On Tue, Feb 2, 2016 at 11:23 AM, Barry Rowlingson <
b.rowlingson at lancaster.ac.uk> wrote:

            

  
  
#

        
> On Tue, Feb 2, 2016 at 3:28 PM, Hadley Wickham <h.wickham at gmail.com> wrote:
>> I've found that it's a very bad idea to provide length or names
    >> methods for just this reason.

well, not quite, see below ..

    >>> After looking
    >>> for memory leaks and other errors I finally noticed that the str() on the
    >>> object of myClass looked odd. It returned something like this:
    >>> 
    >>> List of 82
    >>> $ file  : chr "my/file/location"
    >>> $ handle:<externalptr>
    >>> $ NA:
    >>> Error in object[[i]] : subscript out of bounds


    >>> My questions are, then, whether this behavior makes sense and what to do
    >>> about it. If I define my own str() method, will that fix it? I think I am
    >>> just misunderstanding what is going on with the methods I have defined.
    >>> Hopefully, someone can offer some clarity.

    > Defining a str on your class will at least fix the out of bounds error:

    > Create a trivial S3 class:

    >> z=list(1,22)
    >> class(z)="foo"

    > length method looks at the second element:

    >> length.foo=function(x){x[[2]]}
    >> length(z)
    > [1] 22

    > and str barfs:

    >> str(z)
    > List of 22
    > $ : num 1
    > $ : num 22
    > $ :Error in object[[i]] : subscript out of bounds

    > Define a str method:

    >> str.foo=function(object,...){for(i in
    > 1:length(unclass(object))){str(unclass(object[[i]]))}}
    >> str(z)
    > num 1
    > num 22

    > BUT... the real problem is that S3 classes are seriously informal and
    > there's no concept of what methods you need to define on a class
    > because there's no concept of an "interface" that new classes have to
    > conform to. So stuff breaks, seemingly at random, and via action at a
    > distance. Somewhere something is going to expect z[[1]] to
    > z[[length(z)]] to exist, which is what the default str is doing...

Indeed.
Still, it can also be advantageous to define such methods *consistently*.

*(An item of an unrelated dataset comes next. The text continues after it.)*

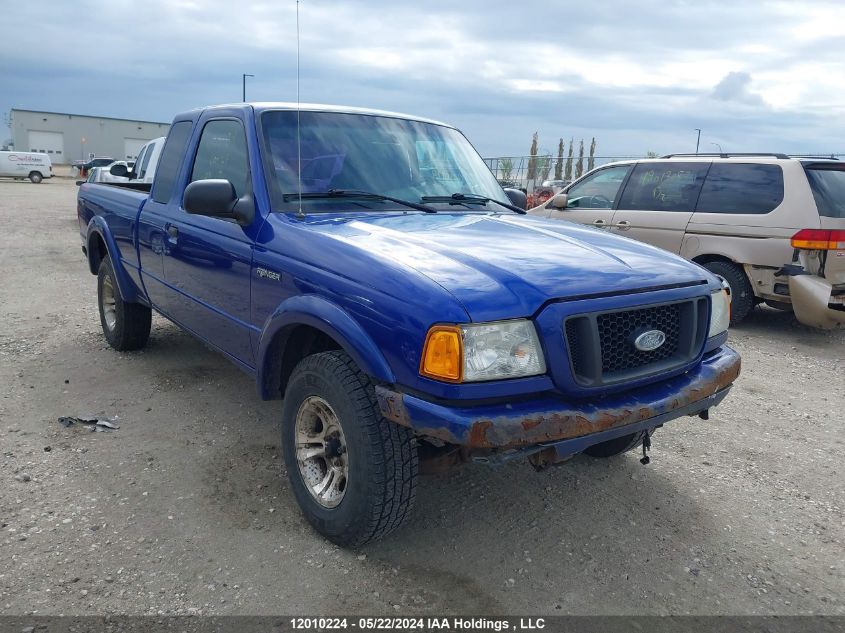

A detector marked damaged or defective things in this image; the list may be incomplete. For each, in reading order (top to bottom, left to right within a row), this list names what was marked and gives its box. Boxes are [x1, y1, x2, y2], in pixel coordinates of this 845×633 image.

rusty front bumper [376, 344, 740, 452]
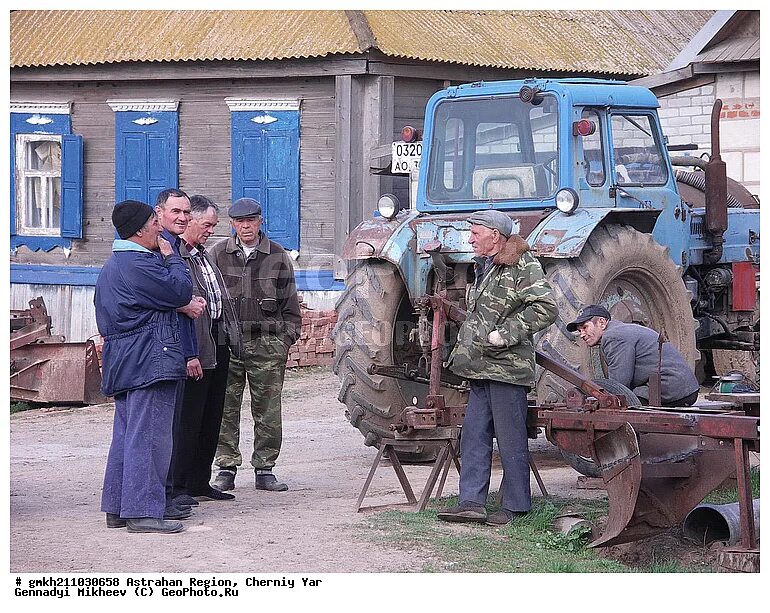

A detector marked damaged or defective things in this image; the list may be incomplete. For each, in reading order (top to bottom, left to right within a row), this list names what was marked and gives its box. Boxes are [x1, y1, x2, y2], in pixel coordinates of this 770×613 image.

rusty metal part [10, 298, 106, 406]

With *consistence*, I mean that at least

- names(obj) either returns NULL or a character vector of
  length length(obj), and that as Barry mentions,
- obj[[ i ]]  is meaningful  for (i in  seq_along(obj))
           [yes, seq_along(.) automatically works with your length() method !]

- often you'd also want  obj[ i ]  to also work consistently
  (sometimes identically to `[[`)

I'd say that oftentimes it may be easier (and more "rewarding")
to define such `[` and `[[` methods for your class anyway.

As author of str(), I'll declare the design(*) of str() to be such
that with these methods (length, names, `[`, `[[`) defined
consistently, str.default(obj) already works sensibly.  
The alternative is indeed to define your own str() method.  

One of the two you'd want often, because e.g.,
  str( list( <obj1>, <obj2> ) )
or similar things should work too.

--
(*) to be honest, str() grew and developed very much
    historically, so the above is more an "implementation principle"

    > +1 on Hadley - don't override any basic R structural methods, create
    > new ones with new names. You can make them more meaningful too. For
    > your example, maybe "messageCount(myObject)"?

    > Barry